# Confidential ML Training Demo - Analyst

This notebook is the Analyst part of the *Confidential ML Training Demo* showing how a simple logistic regression classifier can be trained while keeping the training data provably confidential. The demo requires the [Training Client API](https://github.com/decentriq/avato-python-client-training) and its dependencies to be installed.  

Note that while we demo the training of a logistic regression enclave, it can be used to train a variety of other classifiers. 

## 1 - Import dependencies and set parameters

In [1]:
import os
import json
import example

analyst_username = os.getenv('ANALYST_ID')
analyst_***REMOVED*** = os.getenv('ANALYST_PASSWORD')

# The analyst needs these to control who can upload data
data_owner_usernames = (os.getenv('DATAOWNER1_ID'), os.getenv('DATAOWNER2_ID'))

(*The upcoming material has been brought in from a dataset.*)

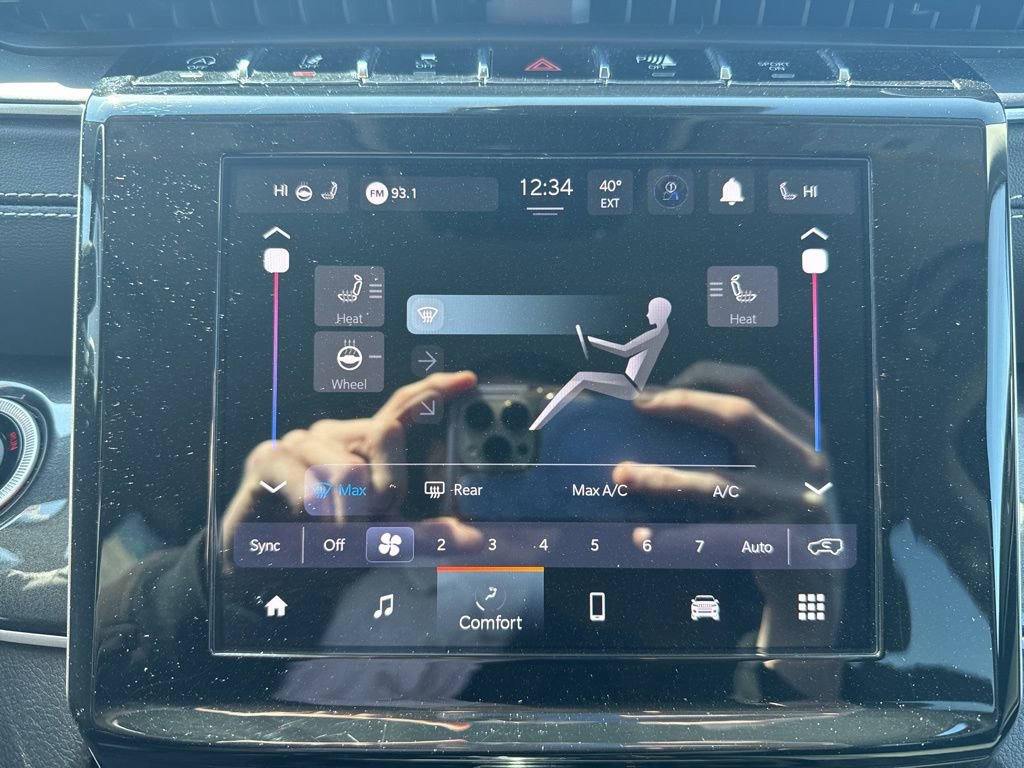 Used 2023 Jeep Grand Cherokee Laredo w/ Luxury Tech Group I image 41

# How the analyst expects the data to be formatted
feature_columns = [
    'fixed acidity', 
    'volatile acidity', 
    'citric acid', 
    'residual sugar', 
    'chlorides', 
    'free sulfur dioxide', 
    'total sulfur dioxide', 
    'density', 
    'pH', 
    'sulphates', 
    'alcohol'
]
label_column = "quality"

## 2 - Set up instance

In [2]:
analyst_instance = example.analyst_set_up_instance(
    analyst_username, 
    analyst_***REMOVED***, 
    data_owner_usernames, 
    feature_columns, 
    label_column
)

Created Instance with ID: 3fa57b0e-2914-4312-bacd-f8748be7e0b1

Configured instance with feature columns 
  'fixed acidity'
  'volatile acidity'
  'citric acid'
  'residual sugar'
  'chlorides'
  'free sulfur dioxide'
  'total sulfur dioxide'
  'density'
  'pH'
  'sulphates'
  'alcohol'
 and label column 
  'quality'


## 3 - Train model (after data has been uploaded by the Data Owners)
### Train with first set of hyperparameters
This returns the trained classifier and metadata

In [3]:
hyperparameters = {
    "learning_rate": 1.0,
    "num_splits": 10,
    "num_epochs": 5,
    "l2_penalty": 0.0,
    "l1_penalty": 0.0,
}

analyst_instance.start_execution(analyst_***REMOVED***, hyperparameters)

In [4]:
classifier, metadata = analyst_instance.get_results(analyst_***REMOVED***)
print("metadata: {}".format(json.dumps(metadata, indent=2)))

metadata: {
  "CV Test Accuracy": "0.47443762",
  "CV Train Accuracy": "0.47695622",
  "Fullset Accuracy": "0.48040017"
}


### Train with second set of hyperparameters

In [5]:
hyperparameters = {
    "learning_rate": 0.5,
    "num_splits": 10,
    "num_epochs": 5,
    "l2_penalty": 0.0,
    "l1_penalty": 0.0,
}

analyst_instance.start_execution(analyst_***REMOVED***, hyperparameters)

In [6]:
classifier, metadata = analyst_instance.get_results(analyst_***REMOVED***)
print("metadata: {}".format(json.dumps(metadata, indent=2)))

metadata: {
  "CV Test Accuracy": "0.48936605",
  "CV Train Accuracy": "0.49038333",
  "Fullset Accuracy": "0.48672926"
}


## 4 - Use the classifier
### Use classifier, compute accuracy on full dataset, compare with metadata results
Note that in a realistic situation, the analyst would not have access to the dataset.

In [7]:
X, y = example.load_data()
some_predictions = classifier.predict(X[0:2, :])
accuracy = example.compute_accuracy(classifier, X, y)

print("Some predictions of the classifier: \n{}\n".format(some_predictions))
print("Accuracy of the enclave classifier on the full dataset (from the metadata object): \n{:.4f}\n".format(float(metadata["Fullset Accuracy"])))
print("Accuracy of the local classifier on the full dataset: \n{:.4f}\n".format(accuracy))

Some predictions of the classifier: 
['6' '6']

Accuracy of the enclave classifier on the full dataset (from the metadata object): 
0.4867

Accuracy of the local classifier on the full dataset: 
0.4867



## 5 - Clean Up

In [8]:
analyst_instance.shutdown()
analyst_instance.delete()